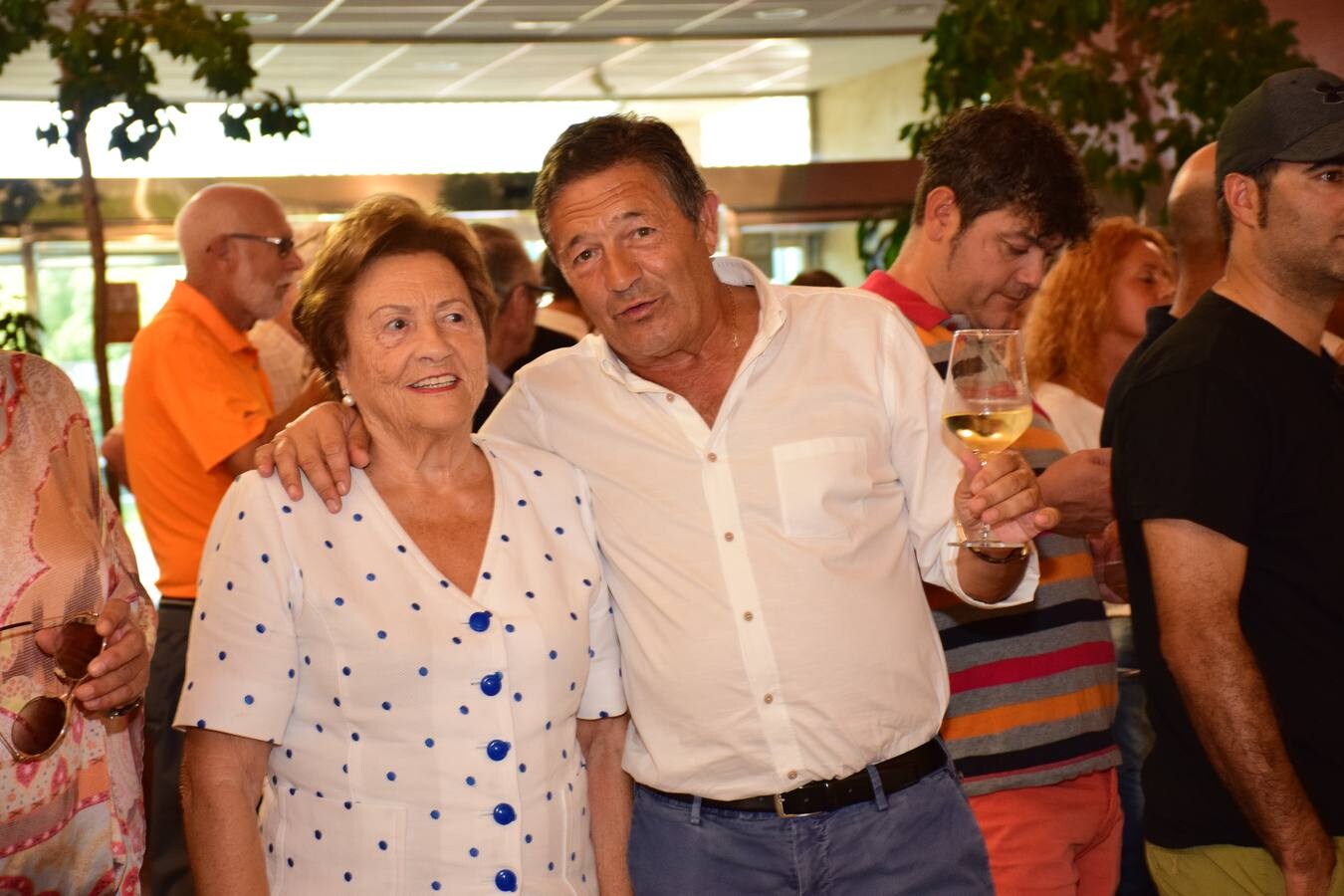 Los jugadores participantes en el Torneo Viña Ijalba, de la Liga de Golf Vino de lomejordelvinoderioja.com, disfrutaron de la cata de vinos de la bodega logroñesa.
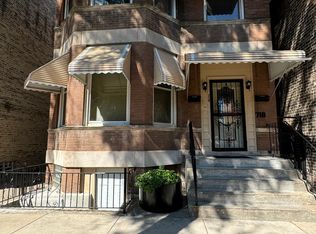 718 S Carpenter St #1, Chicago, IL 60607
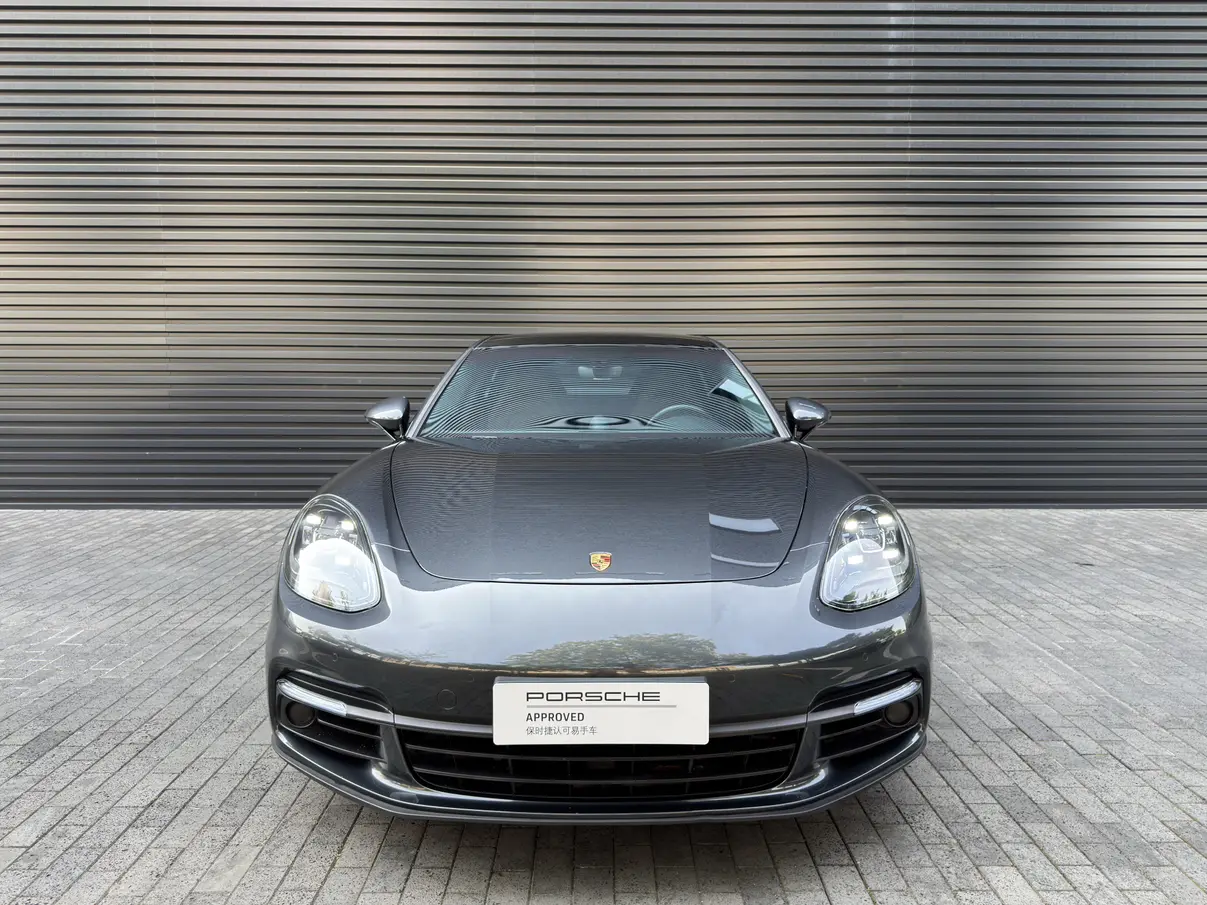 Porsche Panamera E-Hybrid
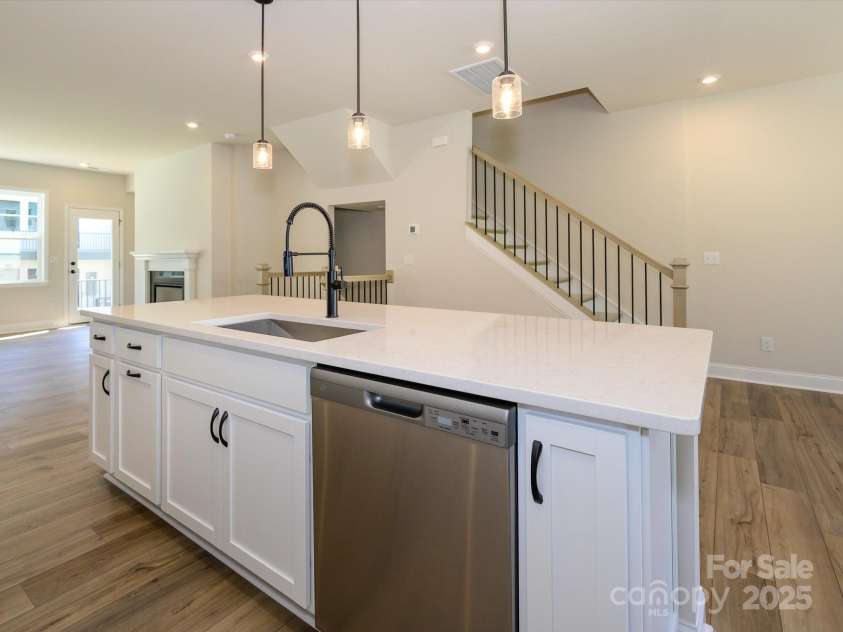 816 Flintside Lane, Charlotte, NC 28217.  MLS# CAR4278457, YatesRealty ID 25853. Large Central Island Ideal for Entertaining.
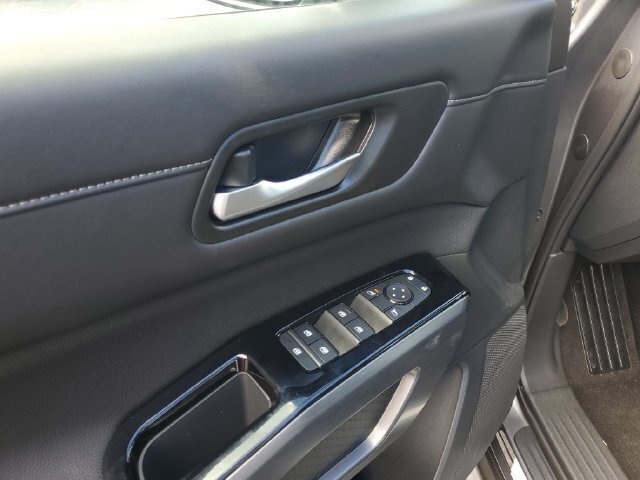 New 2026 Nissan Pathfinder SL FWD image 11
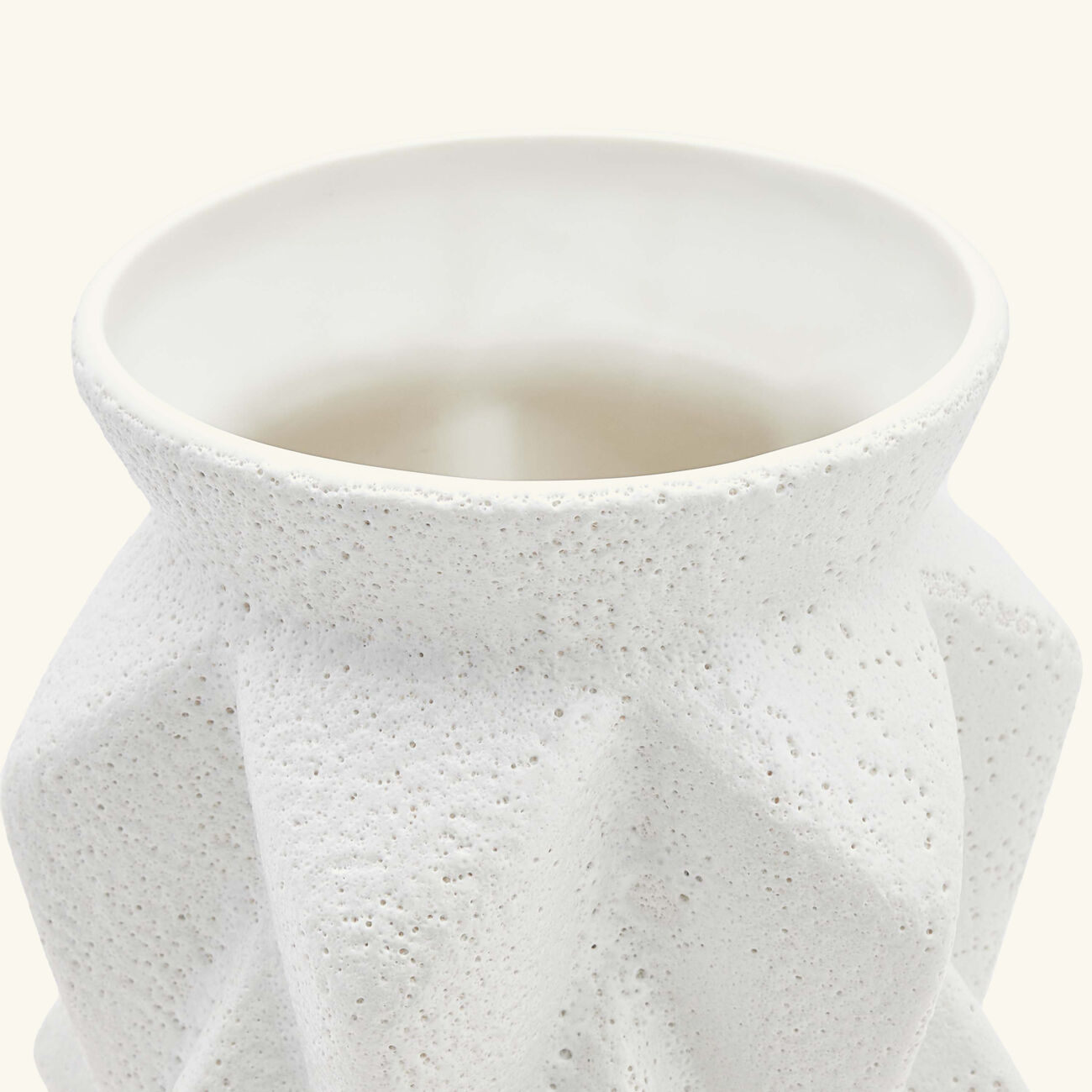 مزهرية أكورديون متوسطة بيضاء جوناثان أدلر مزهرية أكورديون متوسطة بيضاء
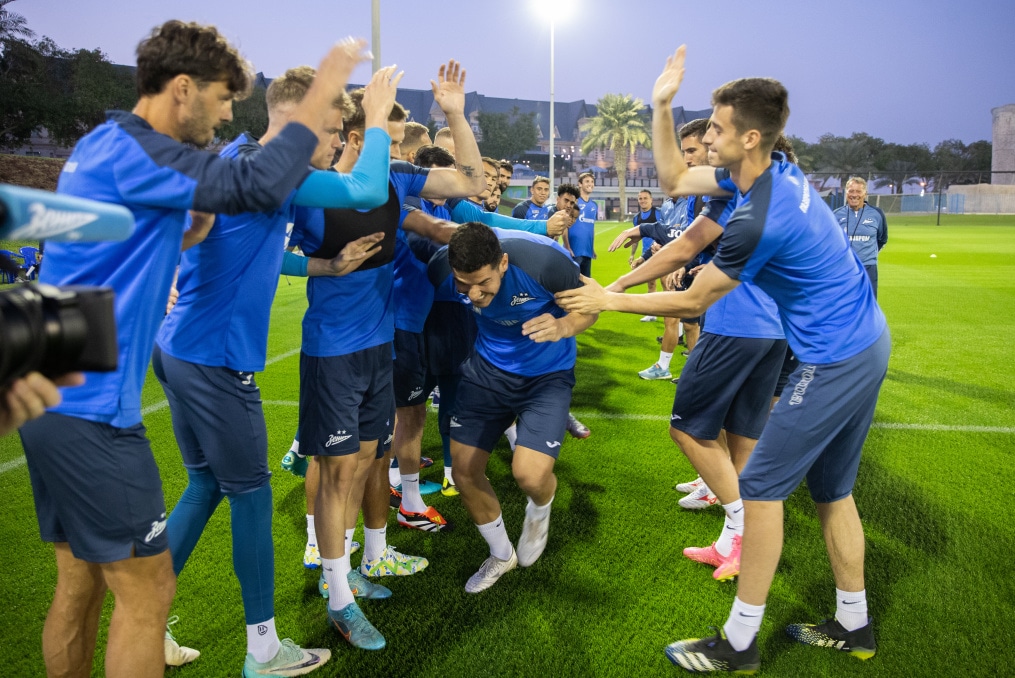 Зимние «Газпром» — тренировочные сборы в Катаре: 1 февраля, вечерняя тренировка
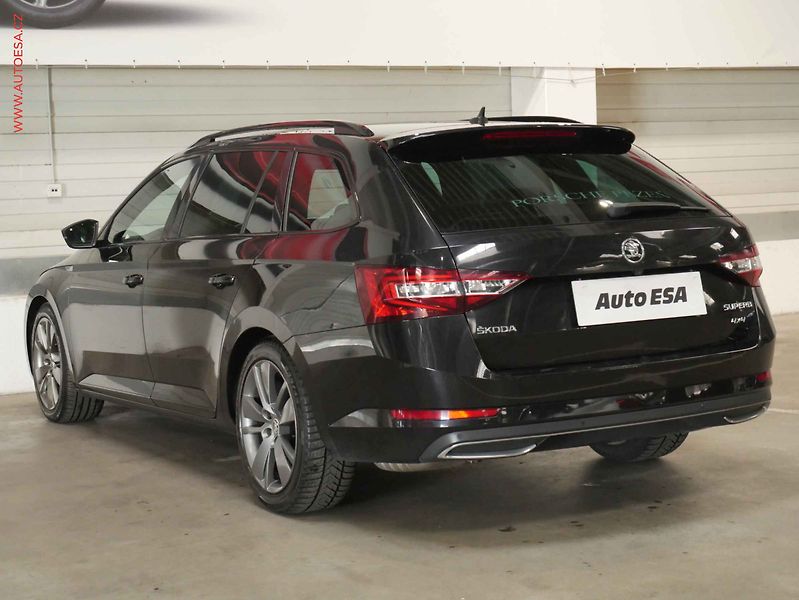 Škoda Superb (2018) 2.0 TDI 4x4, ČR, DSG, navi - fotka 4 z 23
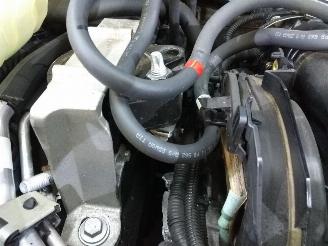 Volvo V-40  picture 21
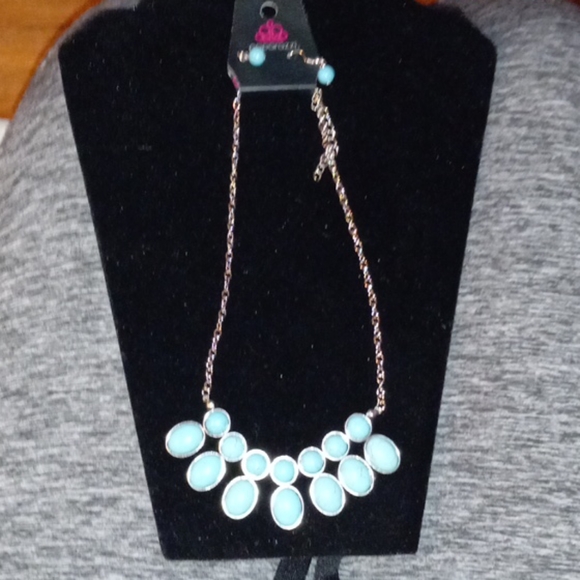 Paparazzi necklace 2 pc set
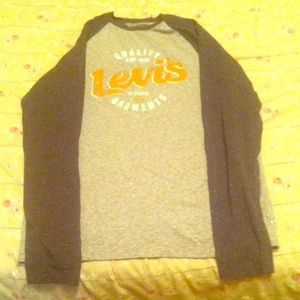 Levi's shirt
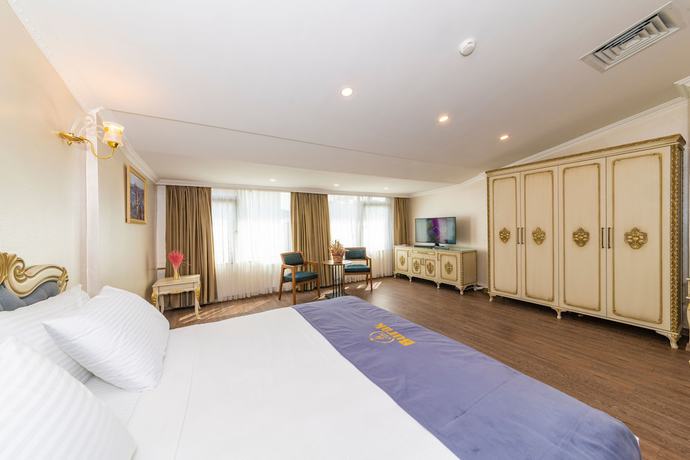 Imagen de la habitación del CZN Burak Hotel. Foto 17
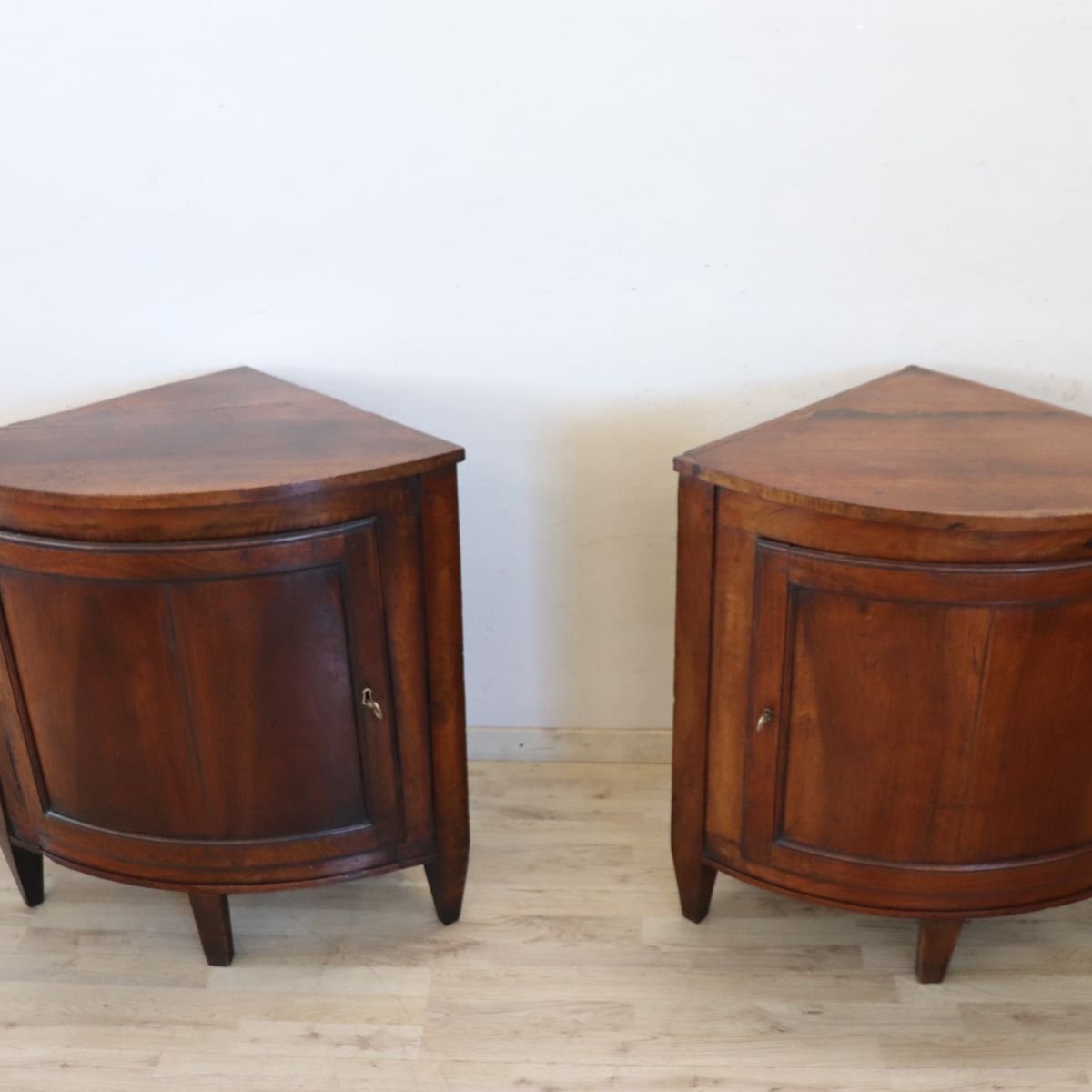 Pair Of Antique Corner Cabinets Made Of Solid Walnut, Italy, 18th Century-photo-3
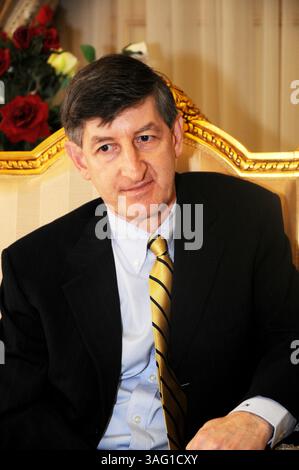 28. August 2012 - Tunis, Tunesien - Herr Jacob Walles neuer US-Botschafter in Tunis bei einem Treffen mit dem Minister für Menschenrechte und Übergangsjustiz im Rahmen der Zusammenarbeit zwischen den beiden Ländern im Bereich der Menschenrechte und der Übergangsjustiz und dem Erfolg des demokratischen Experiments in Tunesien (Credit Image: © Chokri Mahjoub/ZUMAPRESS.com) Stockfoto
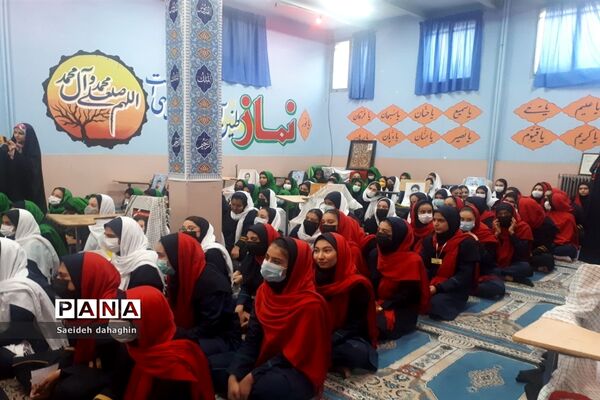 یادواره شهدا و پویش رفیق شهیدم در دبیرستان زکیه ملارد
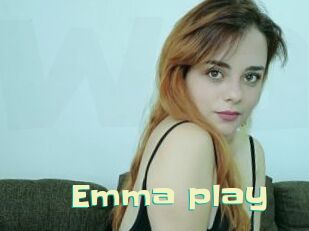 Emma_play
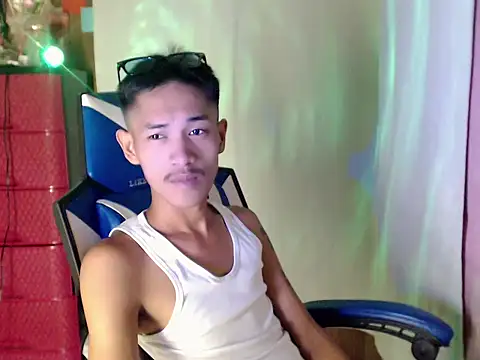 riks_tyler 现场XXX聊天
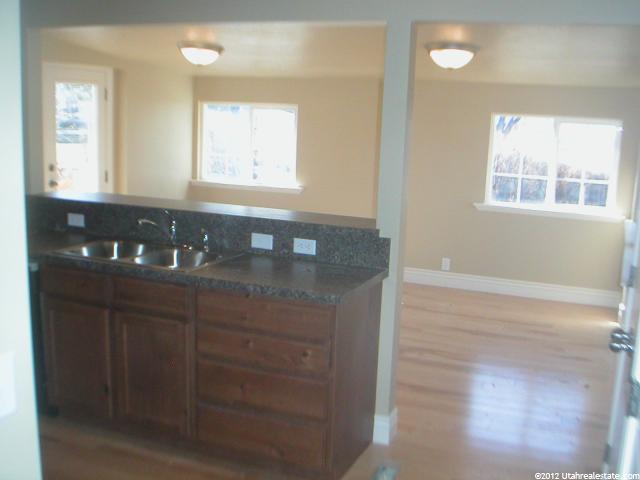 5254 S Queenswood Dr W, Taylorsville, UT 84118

Task » The response must repeat exactly the lines above from the one with "Paparazzi necklace 2 pc set" through the one with "Pair Of Antique", including both, and must contain no pictures and no other text.

Response for this exercise »
 Paparazzi necklace 2 pc set
 Levi's shirt
 Imagen de la habitación del CZN Burak Hotel. Foto 17
 Pair Of Antique Corner Cabinets Made Of Solid Walnut, Italy, 18th Century-photo-3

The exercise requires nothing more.